Jangan remehkan keberadaan kampung di Surabaya, karena berdasarkan penelitian yang dilakukan oleh KENTA KISHI peneliti dari Nippon Foundation, budaya kampung yang terpelihara di sana, punya andil besar menjalin ikatan-ikatan masyarakat. Inilah yang membuat Kota Surabaya tetap bertahan, tidak tergerus oleh arus modernisasi a la Barat yang jadi dogma pembangunan masterplanning.
KENTA KISHI dan timnya yang terdiri dari anak-anak muda kota ini sejak Agustus 2010 lalu menjalankan penelitiannya tentang Kampung Surabaya. Tujuannya, mencari pola pembangunan kota yang berkesinambungan berbasis masyarakat dan lingkungannya. Dari sejumlah kota yang ditelitinya di Asia, KENTA KISHI menemukan ‘harta karun berharga' di Kota Surabaya. Jalinan sosial budaya yang terbentuk di kota ini disebutnya unik dan menarik. Unik karena tidak dijumpainya di banyak kota di negara-negara Asia, juga menarik karena memperkaya khasanah teori design community yang didominasi mazhab Fuller's Landscape yakni tree style-operating system yang bersifat sistematis, masterplanning, top-down dan Platform Network yang berciri self policing.
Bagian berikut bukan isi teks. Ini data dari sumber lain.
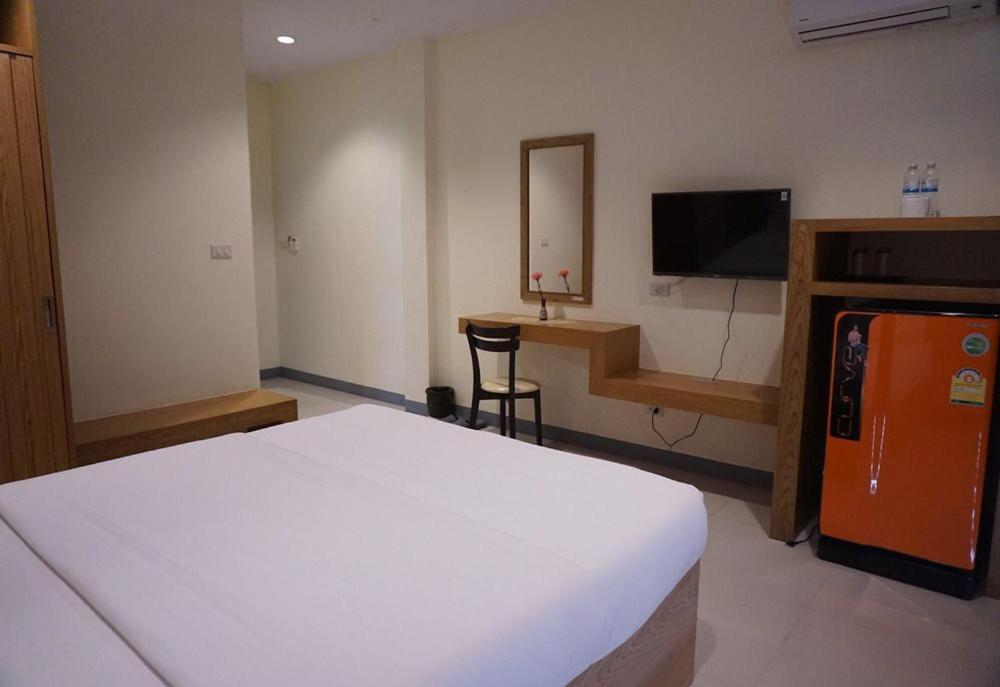 Lew Residence Phayao Dış mekan fotoğraf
"Di Surabaya, kita menemukan kesinambungan (sustainability) ketiga. Komunitas Kampung di Surabaya sudah melampaui konsepsi Fuller's Landscape. Dia (komunitas kampung-Red) hidup dalam tree style-operating system yang sistematis dan top down karena berada di rangkaian terbawah sistem pemerintahan kota, tapi di sisi yang lain ada budaya kampung yang terdiri dari sikap saling bantu (gotong royong) dan aktivitas-aktivitas kejelataan. Jalinan ini yang membentuk harmoni di komunitas masyarakat," kata dia.
Kebanyakan negara di dunia paska Perang Dunia II, kata KENTA KISHI, menerapkan pola pembangunan kota masterplanning a la Barat. Pada satu sisi, model ini terbukti memang spesifik, fungsional, dan rasional. Tapi di sisi lain, modernisasi yang rasional ini ikut menggerus akar tradisi dan kearifan lokal masyarakat.
"Saya yakin ada konsep pembangunan kota yang tepat untuk diterapkan di negara-negara Asia dan saya menemukannya di sini, di Surabaya," kata dia. Menurut pemegang gelar Master dari Cranbrook Academy of Art, USA ini ada beberapa kasus dimana sebuah kota yang dulunya begitu jadi ‘magnet' namun ditinggalkan dan menjadi kota mati karena tidak adanya jalinan-jalinan seperti yang ada di Surabaya.
KENTA KISHI menyebut contoh kasus di Jepang. Menurut dia, Jepang punya model komunitas masyarakat yang mirip dengan Kampung di Surabaya. Hanya saja, kata dia, shitamachi atau Kampung di Jepang sudah kehilangan rohnya sebagai kampung sejak Perang Dunia I. Ini karena modernisasi yang dimulai sejak Restorasi Meiji, akhir abad 19. Di Kota Beppu, kata KENTA KISHI, pernah jadi kota yang dilirik banyak orang di Jepang. Tak heran karena kota yang berada di Prefektur Oita, Pulau Kyushu ini punya sumber daya alam panas bumi dan keindahan alam yang luar biasa. Modal dan orangpun banyak yang berduyun-duyun ke sana. Namun seiring dengan semakin berkurangnya potensi alam di sana, kota itu ditinggalkan. Bahkan kini penduduknya didominasi manula sehingga pemerintah terpaksa mensubsidi roda kehidupan di sana karena minimnya produksi. Hal yang kurang lebih sama juga terjadi di Ciater, Jawa Barat dan Kota Detroit di Amerika Serikat. "Kota Surabaya juga punya peluang ditinggalkan setelah potensinya hilang, tapi tidak akan terjadi selama budaya kampungnya terjaga," jelas KENTA KISHI.
Dari penelitiannya selama 10 bulan di Surabaya, KENTA KISHI akhirnya menemukan model pembangunan kota yang tepat untuk diterapkan di negara-negara Asia, yakni model networking seperti di Kampung Surabaya yang mengedepankan keguyuban, keramahan, perikehidupan yang saling berinteraksi, dan nilai-nilai tradisi yang saling menjaga satu sama lain melampaui sekat-sekat suku, agama, ras, latar belakang ekonomi, dan sosial."Surabaya punya peluang menjadi model Kampung Masa Depan karena kota ini adalah jalinan Kampung yang saling menjaga satu sama lain," pungkas KENTA KISHI.